▶ _Work required_: From the listing below, copy each line where "Brown" occurs.
***** Records
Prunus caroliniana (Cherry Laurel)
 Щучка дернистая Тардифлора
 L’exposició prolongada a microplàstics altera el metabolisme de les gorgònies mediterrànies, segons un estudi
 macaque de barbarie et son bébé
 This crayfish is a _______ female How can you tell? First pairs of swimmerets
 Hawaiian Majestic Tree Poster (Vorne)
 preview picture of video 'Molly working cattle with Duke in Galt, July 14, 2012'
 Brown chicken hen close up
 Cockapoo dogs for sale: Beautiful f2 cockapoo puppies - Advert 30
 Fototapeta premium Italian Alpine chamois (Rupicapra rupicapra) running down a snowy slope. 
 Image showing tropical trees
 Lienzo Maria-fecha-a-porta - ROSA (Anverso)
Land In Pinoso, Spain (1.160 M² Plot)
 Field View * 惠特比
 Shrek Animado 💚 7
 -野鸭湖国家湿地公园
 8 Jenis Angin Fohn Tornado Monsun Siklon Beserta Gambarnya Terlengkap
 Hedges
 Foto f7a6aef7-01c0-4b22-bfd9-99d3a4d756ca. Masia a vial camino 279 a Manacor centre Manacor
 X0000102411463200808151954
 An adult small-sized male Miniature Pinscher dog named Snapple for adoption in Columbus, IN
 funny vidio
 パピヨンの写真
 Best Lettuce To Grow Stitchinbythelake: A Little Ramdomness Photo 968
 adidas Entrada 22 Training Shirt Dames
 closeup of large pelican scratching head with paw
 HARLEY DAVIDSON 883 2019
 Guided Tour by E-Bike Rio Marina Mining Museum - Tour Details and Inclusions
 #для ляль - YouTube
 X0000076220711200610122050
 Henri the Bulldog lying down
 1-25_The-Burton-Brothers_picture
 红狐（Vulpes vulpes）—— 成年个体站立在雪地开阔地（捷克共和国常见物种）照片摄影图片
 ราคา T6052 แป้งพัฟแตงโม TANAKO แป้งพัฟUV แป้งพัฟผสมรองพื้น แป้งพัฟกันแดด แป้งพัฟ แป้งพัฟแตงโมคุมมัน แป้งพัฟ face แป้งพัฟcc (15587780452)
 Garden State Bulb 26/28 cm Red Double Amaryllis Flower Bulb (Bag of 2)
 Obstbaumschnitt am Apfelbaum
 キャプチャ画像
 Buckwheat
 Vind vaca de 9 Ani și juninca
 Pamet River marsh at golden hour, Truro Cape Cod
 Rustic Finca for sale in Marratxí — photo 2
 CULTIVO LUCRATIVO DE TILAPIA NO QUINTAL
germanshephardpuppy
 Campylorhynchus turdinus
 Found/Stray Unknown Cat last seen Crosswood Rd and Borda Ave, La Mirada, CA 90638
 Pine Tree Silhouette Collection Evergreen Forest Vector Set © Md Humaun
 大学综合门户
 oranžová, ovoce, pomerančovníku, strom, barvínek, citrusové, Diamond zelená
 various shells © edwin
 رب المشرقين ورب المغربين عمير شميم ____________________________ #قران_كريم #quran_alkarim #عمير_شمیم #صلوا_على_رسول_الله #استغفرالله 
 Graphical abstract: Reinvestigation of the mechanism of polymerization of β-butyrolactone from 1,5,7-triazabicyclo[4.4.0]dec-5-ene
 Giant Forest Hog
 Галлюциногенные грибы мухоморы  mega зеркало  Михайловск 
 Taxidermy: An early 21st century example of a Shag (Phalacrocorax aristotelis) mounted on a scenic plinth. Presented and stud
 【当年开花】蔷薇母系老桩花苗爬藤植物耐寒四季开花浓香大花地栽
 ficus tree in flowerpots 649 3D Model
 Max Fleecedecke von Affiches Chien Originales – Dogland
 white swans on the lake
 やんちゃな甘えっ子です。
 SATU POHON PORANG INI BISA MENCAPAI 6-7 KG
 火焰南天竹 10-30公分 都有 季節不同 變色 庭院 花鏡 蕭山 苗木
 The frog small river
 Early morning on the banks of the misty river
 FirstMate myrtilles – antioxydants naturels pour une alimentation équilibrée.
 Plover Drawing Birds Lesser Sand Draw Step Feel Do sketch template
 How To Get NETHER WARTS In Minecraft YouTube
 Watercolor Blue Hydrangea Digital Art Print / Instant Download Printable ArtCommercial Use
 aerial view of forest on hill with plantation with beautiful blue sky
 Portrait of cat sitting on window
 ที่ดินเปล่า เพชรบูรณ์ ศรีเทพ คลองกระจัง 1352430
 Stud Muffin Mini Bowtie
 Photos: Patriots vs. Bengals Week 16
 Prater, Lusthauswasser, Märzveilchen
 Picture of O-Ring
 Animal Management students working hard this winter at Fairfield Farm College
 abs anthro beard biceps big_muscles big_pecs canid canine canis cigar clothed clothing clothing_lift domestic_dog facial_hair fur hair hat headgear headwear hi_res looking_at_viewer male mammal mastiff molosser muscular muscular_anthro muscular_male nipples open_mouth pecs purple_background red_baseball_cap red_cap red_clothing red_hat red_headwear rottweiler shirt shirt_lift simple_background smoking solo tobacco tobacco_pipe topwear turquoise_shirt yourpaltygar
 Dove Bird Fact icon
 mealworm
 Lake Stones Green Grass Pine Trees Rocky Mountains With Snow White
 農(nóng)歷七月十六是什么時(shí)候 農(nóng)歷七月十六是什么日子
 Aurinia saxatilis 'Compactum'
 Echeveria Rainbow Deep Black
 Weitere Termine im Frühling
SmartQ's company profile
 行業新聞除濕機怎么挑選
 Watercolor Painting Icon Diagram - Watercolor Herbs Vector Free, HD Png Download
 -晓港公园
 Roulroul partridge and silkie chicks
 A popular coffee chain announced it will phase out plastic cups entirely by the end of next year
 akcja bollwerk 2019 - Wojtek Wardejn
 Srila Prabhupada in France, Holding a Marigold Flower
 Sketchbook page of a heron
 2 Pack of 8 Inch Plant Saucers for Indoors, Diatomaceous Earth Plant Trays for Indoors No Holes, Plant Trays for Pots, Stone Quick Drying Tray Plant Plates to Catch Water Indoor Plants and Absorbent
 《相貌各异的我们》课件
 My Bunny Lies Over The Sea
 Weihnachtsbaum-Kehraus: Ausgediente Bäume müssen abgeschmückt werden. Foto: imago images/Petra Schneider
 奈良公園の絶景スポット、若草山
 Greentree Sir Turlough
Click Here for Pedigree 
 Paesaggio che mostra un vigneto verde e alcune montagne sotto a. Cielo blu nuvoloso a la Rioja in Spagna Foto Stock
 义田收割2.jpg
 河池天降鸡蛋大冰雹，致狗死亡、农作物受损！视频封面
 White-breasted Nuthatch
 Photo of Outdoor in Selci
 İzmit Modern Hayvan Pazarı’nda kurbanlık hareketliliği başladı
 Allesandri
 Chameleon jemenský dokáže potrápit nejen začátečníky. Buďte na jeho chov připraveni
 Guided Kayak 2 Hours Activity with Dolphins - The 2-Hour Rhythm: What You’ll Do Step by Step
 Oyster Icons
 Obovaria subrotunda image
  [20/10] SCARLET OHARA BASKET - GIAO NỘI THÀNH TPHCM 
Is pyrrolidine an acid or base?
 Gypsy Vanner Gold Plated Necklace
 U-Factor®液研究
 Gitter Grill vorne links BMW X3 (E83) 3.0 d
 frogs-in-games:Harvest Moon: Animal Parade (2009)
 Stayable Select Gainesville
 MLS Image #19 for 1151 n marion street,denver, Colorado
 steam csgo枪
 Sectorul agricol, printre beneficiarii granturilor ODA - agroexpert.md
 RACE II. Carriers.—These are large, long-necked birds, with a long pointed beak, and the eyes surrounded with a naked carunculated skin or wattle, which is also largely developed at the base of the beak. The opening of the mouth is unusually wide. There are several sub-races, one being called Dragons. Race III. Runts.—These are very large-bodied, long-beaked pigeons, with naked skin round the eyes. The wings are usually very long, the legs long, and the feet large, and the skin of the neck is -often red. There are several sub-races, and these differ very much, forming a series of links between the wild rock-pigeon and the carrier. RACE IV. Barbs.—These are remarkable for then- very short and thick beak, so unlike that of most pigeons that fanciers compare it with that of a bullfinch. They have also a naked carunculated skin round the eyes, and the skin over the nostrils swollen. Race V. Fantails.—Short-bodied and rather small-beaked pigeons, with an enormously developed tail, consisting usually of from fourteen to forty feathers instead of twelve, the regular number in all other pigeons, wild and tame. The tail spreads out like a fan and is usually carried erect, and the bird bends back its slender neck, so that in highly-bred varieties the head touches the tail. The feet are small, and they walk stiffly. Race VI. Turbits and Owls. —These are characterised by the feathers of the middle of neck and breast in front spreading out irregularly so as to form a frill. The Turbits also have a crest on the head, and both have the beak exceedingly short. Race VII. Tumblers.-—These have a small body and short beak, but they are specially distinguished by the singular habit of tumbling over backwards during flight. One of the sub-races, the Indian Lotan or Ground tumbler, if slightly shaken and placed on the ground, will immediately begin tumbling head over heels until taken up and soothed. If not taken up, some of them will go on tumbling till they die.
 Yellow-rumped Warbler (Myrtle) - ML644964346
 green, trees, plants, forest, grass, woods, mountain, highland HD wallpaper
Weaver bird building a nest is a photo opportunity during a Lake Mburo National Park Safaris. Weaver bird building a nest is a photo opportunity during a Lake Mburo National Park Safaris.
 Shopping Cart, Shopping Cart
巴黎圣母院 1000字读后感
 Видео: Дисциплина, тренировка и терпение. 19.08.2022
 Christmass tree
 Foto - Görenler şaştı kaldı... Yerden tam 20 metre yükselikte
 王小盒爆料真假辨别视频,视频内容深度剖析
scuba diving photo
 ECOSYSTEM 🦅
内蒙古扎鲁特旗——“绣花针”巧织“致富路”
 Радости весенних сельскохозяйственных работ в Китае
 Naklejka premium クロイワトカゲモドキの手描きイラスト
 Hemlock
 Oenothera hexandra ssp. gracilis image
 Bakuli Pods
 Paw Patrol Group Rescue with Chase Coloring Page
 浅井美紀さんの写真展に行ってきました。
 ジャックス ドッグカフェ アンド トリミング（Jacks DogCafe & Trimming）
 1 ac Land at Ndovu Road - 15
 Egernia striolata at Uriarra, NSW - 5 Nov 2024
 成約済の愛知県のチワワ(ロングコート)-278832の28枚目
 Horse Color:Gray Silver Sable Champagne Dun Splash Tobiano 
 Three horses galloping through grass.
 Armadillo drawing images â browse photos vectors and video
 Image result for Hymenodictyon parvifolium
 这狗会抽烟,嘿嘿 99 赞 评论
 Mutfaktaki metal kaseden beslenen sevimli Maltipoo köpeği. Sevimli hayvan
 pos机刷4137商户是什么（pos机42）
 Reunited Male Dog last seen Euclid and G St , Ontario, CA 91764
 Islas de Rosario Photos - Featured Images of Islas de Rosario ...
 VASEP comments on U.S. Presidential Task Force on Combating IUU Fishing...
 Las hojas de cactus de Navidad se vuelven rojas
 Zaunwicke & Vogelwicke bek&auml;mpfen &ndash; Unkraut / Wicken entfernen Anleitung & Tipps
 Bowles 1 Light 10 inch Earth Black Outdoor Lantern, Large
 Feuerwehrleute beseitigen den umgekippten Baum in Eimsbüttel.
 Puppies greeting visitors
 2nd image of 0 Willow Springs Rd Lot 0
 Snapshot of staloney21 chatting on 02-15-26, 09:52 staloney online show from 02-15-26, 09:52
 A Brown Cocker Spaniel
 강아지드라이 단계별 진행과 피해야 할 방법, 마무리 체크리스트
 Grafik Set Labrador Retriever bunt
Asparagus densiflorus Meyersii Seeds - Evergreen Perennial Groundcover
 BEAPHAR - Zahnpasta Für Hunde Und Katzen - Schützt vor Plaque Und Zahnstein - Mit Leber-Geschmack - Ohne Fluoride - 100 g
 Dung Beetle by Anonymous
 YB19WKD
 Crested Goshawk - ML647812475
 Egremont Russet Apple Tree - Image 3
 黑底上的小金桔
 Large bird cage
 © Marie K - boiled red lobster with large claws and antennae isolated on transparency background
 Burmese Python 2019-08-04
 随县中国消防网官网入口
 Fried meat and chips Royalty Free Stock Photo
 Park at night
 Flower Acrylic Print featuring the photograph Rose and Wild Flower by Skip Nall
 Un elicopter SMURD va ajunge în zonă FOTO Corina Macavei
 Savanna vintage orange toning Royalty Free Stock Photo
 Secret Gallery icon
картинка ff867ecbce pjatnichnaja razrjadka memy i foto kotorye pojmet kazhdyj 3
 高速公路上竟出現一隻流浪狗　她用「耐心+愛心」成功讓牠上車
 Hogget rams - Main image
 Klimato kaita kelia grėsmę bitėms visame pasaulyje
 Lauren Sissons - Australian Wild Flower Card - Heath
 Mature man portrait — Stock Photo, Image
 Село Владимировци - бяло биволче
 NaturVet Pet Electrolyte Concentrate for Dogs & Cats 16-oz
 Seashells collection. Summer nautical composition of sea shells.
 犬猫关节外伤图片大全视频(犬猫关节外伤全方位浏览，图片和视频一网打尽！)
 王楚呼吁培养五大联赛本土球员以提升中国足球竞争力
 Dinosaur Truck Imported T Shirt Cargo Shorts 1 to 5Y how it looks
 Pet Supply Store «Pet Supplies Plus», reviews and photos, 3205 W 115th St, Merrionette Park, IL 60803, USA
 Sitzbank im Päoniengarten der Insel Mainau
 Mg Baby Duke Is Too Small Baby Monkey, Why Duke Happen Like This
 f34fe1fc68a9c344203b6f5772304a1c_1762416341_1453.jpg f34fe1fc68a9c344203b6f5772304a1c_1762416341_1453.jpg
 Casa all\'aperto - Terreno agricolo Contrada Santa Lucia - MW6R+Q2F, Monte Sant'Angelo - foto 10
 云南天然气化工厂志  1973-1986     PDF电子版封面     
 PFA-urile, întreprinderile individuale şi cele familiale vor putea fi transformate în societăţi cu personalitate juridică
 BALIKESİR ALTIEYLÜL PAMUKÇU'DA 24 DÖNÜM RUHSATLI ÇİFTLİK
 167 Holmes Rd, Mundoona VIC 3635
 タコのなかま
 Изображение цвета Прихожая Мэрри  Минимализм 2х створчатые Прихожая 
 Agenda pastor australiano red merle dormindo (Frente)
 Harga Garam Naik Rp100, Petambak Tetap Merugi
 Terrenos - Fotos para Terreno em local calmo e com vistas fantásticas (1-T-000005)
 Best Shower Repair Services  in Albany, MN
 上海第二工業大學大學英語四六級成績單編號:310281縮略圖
**********
▶ _Answer for the task_:
 Brown chicken hen close up
 A Brown Cocker Spaniel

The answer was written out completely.